The Nomination Struggle: Chance Timm

Chance Timm | Lane's End photo

Chris McGrath's Value Sires series in the TDN has frequently touched on the difficulty in selling nominations to stallions in their third-year at stud, as well as to solid, established stallions standing for a moderate fee. We asked stallion managers and nominations teams as well as bloodstock agents what changes could be made, if any, to help the situation.

Implementing The Jockey Club's proposed cap on numbers of mares bred would most certainly boost demand for unproven and moderately priced proven stallions. The overarching problem is the commercialization of breeding thoroughbreds, but one way to mitigate that would be to implement the cap.

Stallions' ability to breed large numbers of mares has distorted their stud fee values. Horses that breed extraordinarily large books are either underpriced intentionally or perceived in the market as a stallion on the way up that may stand for significantly more in years to come. It's hard for me to speculate on other stallion farms, but more than likely this is not done by accident–it's intentional, either to eat up market share of the mare population, perception in the market, or a philosophy that the quality of mare doesn't really matter and there are just more 'boots on the ground' for the stallion. Either way, such practices only contribute further to an already extremely volatile stallion, yearling and foal market.

Implementing the cap would correct the stud fee market by forcing stallion owners to be very precise on pricing their stallions in order to maximize their revenue. Doing this would also force mare owners to consider other maybe not-so-commercial, but certainly viable, proven and unproven stallions.

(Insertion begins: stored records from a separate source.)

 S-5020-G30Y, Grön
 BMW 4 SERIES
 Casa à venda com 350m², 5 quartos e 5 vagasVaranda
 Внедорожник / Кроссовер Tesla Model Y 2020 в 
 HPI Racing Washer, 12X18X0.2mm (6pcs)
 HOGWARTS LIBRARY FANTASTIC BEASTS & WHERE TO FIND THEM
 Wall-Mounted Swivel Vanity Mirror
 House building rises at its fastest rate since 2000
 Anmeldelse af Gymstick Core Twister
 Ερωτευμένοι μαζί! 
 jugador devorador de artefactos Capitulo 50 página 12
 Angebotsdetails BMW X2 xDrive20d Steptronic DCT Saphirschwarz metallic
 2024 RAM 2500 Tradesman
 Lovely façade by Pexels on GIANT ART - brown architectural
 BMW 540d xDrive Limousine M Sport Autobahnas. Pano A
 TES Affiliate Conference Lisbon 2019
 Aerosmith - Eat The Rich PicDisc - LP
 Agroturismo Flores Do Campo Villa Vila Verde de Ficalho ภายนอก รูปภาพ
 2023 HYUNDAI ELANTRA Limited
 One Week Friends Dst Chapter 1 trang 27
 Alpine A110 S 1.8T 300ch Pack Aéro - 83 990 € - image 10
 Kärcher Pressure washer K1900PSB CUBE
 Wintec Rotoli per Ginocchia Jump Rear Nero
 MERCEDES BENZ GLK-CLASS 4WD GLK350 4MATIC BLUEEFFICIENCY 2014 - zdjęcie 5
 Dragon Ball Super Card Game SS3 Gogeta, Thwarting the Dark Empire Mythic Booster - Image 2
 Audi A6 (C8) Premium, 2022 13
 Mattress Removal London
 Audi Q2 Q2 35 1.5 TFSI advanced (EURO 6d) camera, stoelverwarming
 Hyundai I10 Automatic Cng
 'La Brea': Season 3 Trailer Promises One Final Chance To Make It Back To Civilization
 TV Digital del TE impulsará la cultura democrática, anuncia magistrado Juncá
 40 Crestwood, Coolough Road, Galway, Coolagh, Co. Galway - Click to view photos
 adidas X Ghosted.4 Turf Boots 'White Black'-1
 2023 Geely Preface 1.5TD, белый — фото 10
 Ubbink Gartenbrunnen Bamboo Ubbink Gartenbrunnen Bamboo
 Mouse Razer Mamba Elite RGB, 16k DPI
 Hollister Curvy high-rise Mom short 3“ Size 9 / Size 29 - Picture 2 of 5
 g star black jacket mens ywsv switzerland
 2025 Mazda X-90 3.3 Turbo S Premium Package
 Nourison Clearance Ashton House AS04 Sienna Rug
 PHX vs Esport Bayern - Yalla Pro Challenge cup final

I believe most breeders are against the commerciality of the breeding industry but are forced to 'play the game' in order to try to be profitable. What would help them be more profitable with these types of stallions is my next point.

If the cap were implemented, yearling buyers would have to look at another stallion's progeny much closer. They want product. If there aren't 60-70 and sometimes more, yearlings in the September sale by each of the top few proven or first-year stallions that year to choose from, they'll have to look elsewhere and therefore reward breeders who supported the other stallions.

The extreme up and down of number of mares bred for most stallions only exacerbates the problem. Good stallions who have shown their ability never fully reach their potential because they're in a constant cycle of big and small crops. Young stallions that get off to a solid but not extraordinary start are never really given a chance. The market gives up on them before they've really matured and therefore their owners are forced to give up on them since they are deemed unmarketable. The examples of this are endless, ones that we're all aware of. Implementing the cap would not only disperse mare numbers and reduce the volatility of numbers of mares bred but would ultimately be better for the breed, better for breeders and stallion owners.